There are two types of IRAs — Traditional IRAs and Roth IRAs. The difference between the two types is that Traditional IRAs let investors deduct taxes from earnings. Roth IRAs don’t allow this. If you put $5,000 into a Traditional IRA today, after five years you can only withdraw $4,850. If you invested the same amount in a Roth IRA, however, you'd be able to keep every penny.
These are the things you need to know if your goal is to convert from a traditional IRA or a gold IRA.
First, you must decide whether to move your balance into a new bank account or transfer funds from your existing account to the new one. Any earnings over $10,000 will be subject to income tax at the regular rate. However, if your IRA is rolled over, these earnings will not be subjected to income tax until age 59 1/2.

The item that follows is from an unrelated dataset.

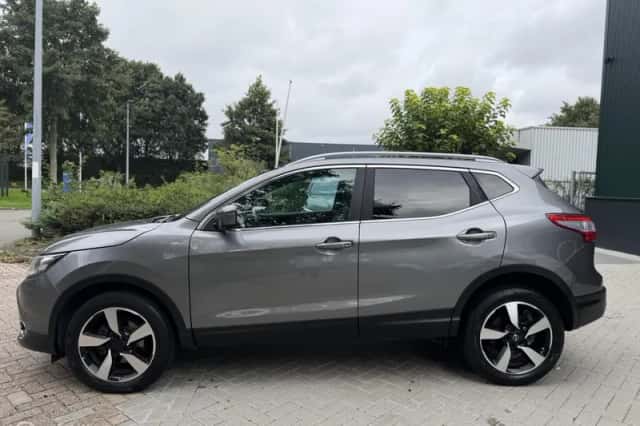 Nissan Qashqai (2017) thumbnail 5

Once you have decided to open a new bank account, Most likely, you will need to present proof of identity such as a Social Security Card, passport, or birth certificate. Once you are done, you will fill out paperwork proving ownership of your IRA. Once you've filled out the forms you'll send them to your bank. They'll verify your identity and give instructions on where to send the checks and wire transfers.
The fun part is here. Now, deposit money into your account and wait for approval from the IRS. After approval, you'll receive a letter stating that funds can be withdrawn.
That's it! Now you can just sit back and enjoy the growth of your money. Keep in mind that if your mind changes about converting your IRA to another type, you can simply close it and transfer any remaining balance to a new IRA.